Es ähnelst schon fast einem Fluch, dass Simon, ohne Frage einer der wichtigsten Musiker des 20. Jahrhunderts, eigentlich alle Ehrungen erhalten hat, die man sich nur vorstellen kann, aber eben
nicht jene Ausstrahlung besitzt, dank derer anderen Künstlern die Herzen der Fans fast schon automatisch zufliegen. So auch in Köln: Hier ist es Sting, der ohne darum zu buhlen den größten
Applaus erhält, Sting, der die Akzente setzt, Sting, der mit der Menge interagiert und ein entsprechendes Feedback erhält. Und Paul Simon? Muss sich anstrengen.

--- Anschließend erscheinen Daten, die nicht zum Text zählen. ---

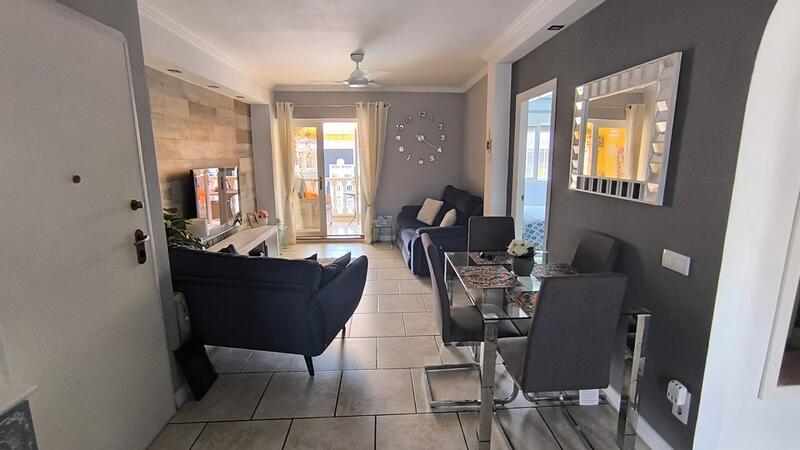 2 Schlafzimmer Appartement zu verkaufen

Dabei stimmt musikalisch einfach alles. Dank gleich zweier Bands im Hintergrund können sich sowohl Sting als auch Paul Simon austoben, können sie Bläsersätze einbauen, Raum für Geigen-, Saxofon-
und Tuba-Soli lassen und im Notfall gleich auf zwei Schlagzeuge zurückgreifen. Vor allem Sting gibt Gas. Der 63-Jährige trägt inzwischen einen Rauschebart in Holzfäller-Optik und strotzt vor
Kraft. Was er in den Höhen verloren hat, macht er durch mehr Klangfarben und grandiose Arrangements wett, in denen eine Backgroundsängerin Sting so meisterhaft unterstützt, dass die Stimmen oft
zu einer einzigen verschmelzen. Genüsslich wechselt der Brite zwischen Hits aus seiner Solo-Zeit und alten Police-Titeln, spielt „So lonely“, „Englishman in New York“, „Walking on the moon“,
„Message in a bottle“ und natürlich „Roxanne“, in das er geschickt die Bill-Withers-Nummer „Ain't no sunshine“ einflechtet. Der Saal tobt. Und kommt dann bei Paul Simon wieder zur Ruhe.

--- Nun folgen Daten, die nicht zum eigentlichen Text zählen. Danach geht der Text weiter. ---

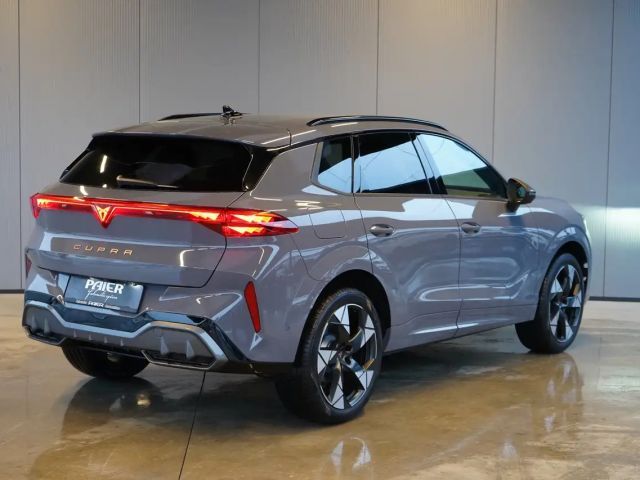 Cupra Terramar 1.5 e-Hybrid e-Hybrid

„Gracceland“, „Dazzling Blue“, „Diamonds on the Soles of her Shoes“. Die Brillanz, die beide teilen, verbindet sich bei dem 73-Jährigen mit feiner Melancholie und intellektueller
Experimentierfreude, die nicht schlechter ist als die Wucht Stings. Nur anders. Sie geht nicht in die Beine, sondern in den Kopf. Und, vor allem für eine bestimmte Generation, mit zarten
Schritten ganz tief ins Herz.
Das gesteht Sting selbst. „Ich bin nicht der einzige, dessen Leben in Paul-Simon-Songs gemessen werden kann“, sagt er. Die erste Liebe, die erste Trennung, alles gespickt mit dessen Liedern. Und
im Falle Stings auch das erste große Abenteuer. „America“ singt er, so emotionsgeladen und einzigartig, wie es nur wenige vermögen. Besser kann man Paul Simon nicht ehren, auch wenn es mit einem
jener Titel geschieht, die dieser selbst in seinen Solo-Teilen auslässt. Alles aus der „Simon & Garfunkel“-Zeit geht nur in Form eines Duetts. Gut so. Denn es sagt auch etwas über Paul Simon
aus, wenn er etwa die Melodie von „The Boxer“ rhythmisch so frei interpretiert, dass der locker-flockig-unbeschwerte Tonfall erst durch den Einsatz Stings hergestellt werden muss. Einfach mal den
Kopf ausschalten. Spielen statt anstrengen. Und genießen. Dann geht auch das Publikum mit. Als die beiden schließlich „Bridge over troubled Water“ anstimmen, gelingt dies so gut, dass sich auf
der Gänsehaut noch eine Gänsehaut bildet. Was für ein Konzert. Für den Kopf und das Herz.